I do not understand how the Koch Curve is drawn from using this function.
def koch(t, n):
"""Draws a koch curve with length n."""
if n<3:
fd(t, n)
return
m = n/3.0
koch(t, m)
lt(t, 60)
koch(t, m)
rt(t, 120)
koch(t, m)
lt(t, 60)
koch(t, m)
The fd(t, n) command means object 't' will move forward by amount 'n'. The rt(t, 120) and lt(t, 60) commands means object 't' will turn right or left by the given angles.
So I gather that the author uses recursion in the function but I do not understand how it reiterates so many times with itself as I am a beginner and have very limited logic skills.
As an example say I called koch(t, 100) the if clause is by passed as n > 3 which leads to the next line of code which is m/3.0 so 100/3.0 is 33.3. This then leads to koch(t, 33.3) and as n > 3 still holds it reiterates again to produce koch(t, 11.1) and so forth until we reiterate it until we come to koch(t, 1.23).
Now as n = 1.23 and the if clause activates as soon as n < 3 we can run through the if conditionals block of code replacing all the koch(t, m) statements with fd(t, 1.23).
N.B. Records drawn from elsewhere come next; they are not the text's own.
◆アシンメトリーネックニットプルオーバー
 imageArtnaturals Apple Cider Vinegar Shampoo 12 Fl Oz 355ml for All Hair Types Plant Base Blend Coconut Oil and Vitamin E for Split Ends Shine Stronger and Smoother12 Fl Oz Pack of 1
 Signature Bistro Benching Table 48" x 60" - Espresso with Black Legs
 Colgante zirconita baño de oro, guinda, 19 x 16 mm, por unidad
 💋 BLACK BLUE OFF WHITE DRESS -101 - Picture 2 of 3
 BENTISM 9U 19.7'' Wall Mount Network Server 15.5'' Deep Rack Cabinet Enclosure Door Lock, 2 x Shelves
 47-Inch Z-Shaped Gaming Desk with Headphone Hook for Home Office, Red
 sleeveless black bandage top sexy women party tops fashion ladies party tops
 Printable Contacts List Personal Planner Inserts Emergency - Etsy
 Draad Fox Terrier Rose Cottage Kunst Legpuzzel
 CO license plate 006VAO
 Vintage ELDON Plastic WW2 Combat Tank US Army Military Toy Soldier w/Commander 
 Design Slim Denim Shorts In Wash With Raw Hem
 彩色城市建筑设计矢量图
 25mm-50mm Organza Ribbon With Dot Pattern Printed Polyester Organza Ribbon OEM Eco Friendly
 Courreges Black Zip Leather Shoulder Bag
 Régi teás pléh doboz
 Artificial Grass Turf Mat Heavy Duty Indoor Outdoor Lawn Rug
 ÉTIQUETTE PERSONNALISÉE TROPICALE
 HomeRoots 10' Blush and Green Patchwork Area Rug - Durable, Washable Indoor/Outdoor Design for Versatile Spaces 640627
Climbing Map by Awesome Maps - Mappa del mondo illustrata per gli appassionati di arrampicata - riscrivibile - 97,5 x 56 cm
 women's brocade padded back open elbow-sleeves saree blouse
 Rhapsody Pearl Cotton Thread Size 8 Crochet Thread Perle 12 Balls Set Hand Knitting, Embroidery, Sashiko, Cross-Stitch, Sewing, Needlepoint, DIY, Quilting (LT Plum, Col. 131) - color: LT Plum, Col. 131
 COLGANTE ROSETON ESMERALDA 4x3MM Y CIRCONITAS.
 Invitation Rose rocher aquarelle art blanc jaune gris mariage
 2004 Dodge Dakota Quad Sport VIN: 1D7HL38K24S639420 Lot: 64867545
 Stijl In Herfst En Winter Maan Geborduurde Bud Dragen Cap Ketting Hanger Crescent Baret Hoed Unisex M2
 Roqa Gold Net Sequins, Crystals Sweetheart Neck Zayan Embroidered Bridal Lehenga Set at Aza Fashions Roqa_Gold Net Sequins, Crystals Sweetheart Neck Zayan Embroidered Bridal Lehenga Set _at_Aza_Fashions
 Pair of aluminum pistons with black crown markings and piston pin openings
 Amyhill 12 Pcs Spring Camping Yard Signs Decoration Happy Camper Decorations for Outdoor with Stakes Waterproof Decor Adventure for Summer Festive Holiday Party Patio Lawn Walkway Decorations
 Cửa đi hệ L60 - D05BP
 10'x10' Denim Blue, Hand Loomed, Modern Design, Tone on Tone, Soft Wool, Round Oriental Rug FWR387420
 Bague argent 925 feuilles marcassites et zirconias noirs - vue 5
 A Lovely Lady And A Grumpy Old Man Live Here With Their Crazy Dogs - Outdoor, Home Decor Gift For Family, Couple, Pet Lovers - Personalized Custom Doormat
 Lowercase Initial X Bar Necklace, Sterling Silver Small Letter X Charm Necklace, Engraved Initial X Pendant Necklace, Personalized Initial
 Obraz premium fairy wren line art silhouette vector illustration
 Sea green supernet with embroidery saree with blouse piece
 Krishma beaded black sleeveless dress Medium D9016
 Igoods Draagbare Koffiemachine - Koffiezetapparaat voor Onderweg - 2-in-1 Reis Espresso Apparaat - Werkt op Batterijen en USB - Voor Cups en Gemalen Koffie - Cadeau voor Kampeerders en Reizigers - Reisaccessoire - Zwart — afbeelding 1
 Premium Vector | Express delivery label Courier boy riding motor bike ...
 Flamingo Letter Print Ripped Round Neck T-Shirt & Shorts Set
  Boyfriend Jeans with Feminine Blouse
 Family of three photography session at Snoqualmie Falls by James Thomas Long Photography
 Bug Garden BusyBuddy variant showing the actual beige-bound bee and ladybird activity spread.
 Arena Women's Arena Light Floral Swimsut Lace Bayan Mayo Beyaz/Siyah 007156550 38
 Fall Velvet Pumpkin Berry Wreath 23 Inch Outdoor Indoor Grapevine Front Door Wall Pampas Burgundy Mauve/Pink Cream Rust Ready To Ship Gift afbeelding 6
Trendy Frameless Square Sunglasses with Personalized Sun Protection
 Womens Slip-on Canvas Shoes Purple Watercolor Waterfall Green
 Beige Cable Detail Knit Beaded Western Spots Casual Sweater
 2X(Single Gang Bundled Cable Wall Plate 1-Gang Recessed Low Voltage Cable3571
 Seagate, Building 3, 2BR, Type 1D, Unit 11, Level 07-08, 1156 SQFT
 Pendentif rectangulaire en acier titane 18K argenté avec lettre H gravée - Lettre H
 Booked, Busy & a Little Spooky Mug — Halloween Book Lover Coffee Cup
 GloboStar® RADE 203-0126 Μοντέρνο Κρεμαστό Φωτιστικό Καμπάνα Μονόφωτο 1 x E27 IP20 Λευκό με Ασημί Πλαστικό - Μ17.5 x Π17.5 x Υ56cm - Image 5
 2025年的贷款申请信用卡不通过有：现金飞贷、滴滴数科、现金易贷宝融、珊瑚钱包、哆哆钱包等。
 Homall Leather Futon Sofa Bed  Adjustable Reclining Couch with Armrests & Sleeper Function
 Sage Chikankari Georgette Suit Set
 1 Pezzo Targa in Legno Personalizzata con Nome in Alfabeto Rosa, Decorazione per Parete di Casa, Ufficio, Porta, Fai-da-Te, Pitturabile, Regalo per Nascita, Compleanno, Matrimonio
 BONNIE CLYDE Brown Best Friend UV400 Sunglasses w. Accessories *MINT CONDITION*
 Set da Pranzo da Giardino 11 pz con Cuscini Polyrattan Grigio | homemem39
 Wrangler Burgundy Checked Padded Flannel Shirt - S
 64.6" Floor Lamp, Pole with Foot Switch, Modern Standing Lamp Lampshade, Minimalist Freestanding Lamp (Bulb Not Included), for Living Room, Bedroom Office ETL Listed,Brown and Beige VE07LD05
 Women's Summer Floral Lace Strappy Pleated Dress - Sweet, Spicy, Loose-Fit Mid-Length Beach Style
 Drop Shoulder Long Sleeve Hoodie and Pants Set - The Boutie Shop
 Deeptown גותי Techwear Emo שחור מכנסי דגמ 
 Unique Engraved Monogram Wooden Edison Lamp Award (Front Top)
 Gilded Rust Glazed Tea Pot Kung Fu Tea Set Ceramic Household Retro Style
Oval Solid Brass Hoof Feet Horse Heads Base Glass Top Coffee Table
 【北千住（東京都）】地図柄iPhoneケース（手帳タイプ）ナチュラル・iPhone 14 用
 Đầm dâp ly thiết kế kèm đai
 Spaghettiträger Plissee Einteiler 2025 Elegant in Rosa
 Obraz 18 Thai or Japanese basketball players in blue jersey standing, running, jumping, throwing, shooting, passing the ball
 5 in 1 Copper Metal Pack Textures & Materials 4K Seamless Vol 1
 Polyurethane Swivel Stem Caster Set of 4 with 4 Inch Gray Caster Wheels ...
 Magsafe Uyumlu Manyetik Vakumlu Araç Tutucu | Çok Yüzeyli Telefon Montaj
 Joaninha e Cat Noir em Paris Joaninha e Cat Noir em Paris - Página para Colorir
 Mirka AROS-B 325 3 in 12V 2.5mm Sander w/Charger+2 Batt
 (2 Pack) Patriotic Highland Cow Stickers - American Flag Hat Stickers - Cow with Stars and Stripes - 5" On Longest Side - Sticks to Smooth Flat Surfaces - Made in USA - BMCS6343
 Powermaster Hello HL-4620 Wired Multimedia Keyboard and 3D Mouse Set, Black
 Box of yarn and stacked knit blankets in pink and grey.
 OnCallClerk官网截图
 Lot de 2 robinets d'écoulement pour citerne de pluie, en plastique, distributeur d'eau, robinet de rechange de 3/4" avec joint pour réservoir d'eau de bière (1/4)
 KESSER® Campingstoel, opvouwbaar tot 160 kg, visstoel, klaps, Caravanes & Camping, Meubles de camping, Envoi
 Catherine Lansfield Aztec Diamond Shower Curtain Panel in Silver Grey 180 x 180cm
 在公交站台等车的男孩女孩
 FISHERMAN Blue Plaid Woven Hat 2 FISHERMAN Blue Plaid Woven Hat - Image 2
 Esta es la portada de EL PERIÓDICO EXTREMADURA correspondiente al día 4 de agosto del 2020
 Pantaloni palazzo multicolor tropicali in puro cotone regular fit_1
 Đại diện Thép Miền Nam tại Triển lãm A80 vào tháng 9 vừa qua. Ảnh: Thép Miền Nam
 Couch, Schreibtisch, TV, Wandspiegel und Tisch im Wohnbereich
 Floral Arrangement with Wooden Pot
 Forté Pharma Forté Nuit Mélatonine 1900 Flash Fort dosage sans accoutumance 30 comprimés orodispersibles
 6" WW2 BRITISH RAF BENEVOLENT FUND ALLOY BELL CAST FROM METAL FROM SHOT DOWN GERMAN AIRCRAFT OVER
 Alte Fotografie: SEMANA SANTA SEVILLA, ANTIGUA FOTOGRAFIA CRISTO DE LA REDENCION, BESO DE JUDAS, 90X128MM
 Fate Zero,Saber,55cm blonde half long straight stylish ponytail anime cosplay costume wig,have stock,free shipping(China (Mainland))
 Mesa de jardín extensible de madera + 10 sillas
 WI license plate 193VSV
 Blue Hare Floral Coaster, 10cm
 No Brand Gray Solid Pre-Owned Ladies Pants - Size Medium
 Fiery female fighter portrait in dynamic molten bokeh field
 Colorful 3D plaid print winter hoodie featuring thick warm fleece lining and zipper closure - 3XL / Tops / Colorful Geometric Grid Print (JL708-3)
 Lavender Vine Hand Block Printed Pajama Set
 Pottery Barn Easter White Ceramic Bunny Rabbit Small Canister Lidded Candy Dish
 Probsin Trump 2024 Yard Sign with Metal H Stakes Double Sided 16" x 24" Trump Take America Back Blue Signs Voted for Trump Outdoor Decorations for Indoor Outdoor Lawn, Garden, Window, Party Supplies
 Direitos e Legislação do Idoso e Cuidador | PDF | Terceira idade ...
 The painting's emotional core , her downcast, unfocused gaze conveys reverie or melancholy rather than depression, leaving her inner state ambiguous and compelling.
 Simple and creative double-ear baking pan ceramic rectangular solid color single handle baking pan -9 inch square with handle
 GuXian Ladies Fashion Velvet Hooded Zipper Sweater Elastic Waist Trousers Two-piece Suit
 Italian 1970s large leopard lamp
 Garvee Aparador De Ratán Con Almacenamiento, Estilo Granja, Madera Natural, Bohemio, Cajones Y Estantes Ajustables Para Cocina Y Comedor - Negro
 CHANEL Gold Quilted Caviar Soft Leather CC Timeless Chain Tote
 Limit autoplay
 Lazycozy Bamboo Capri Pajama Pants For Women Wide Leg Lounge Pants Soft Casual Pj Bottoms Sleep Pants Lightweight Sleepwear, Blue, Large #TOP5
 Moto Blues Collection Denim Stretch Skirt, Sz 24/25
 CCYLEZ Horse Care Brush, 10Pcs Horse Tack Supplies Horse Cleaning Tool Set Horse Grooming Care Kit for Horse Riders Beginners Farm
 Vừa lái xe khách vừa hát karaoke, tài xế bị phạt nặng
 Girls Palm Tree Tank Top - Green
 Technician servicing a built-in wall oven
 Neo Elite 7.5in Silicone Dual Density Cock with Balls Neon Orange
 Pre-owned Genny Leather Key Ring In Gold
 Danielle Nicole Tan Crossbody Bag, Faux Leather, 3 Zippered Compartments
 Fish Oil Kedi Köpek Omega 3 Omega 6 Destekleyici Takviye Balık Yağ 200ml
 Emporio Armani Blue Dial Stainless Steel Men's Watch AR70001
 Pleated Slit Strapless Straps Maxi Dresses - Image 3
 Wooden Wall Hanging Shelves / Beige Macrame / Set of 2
As I see it fd(), lt(), fd(), rt(), fd, lt(), fd() should be activated only one time as n < 3 as soon as n = 1.23 or does it reiterate again with 1.23 / 3.0 and the code is ran again with koch(t, 0.41)? Maybe because an else clause does not exists to cancel the function, however the function does end and if I choose a higher value for n the koch curve is also larger making me more confused as there I can see no line in the code which tells me to reiterate this function n number of times.
I apologize for the lack of clarity as I do not understand how to explain this clearly.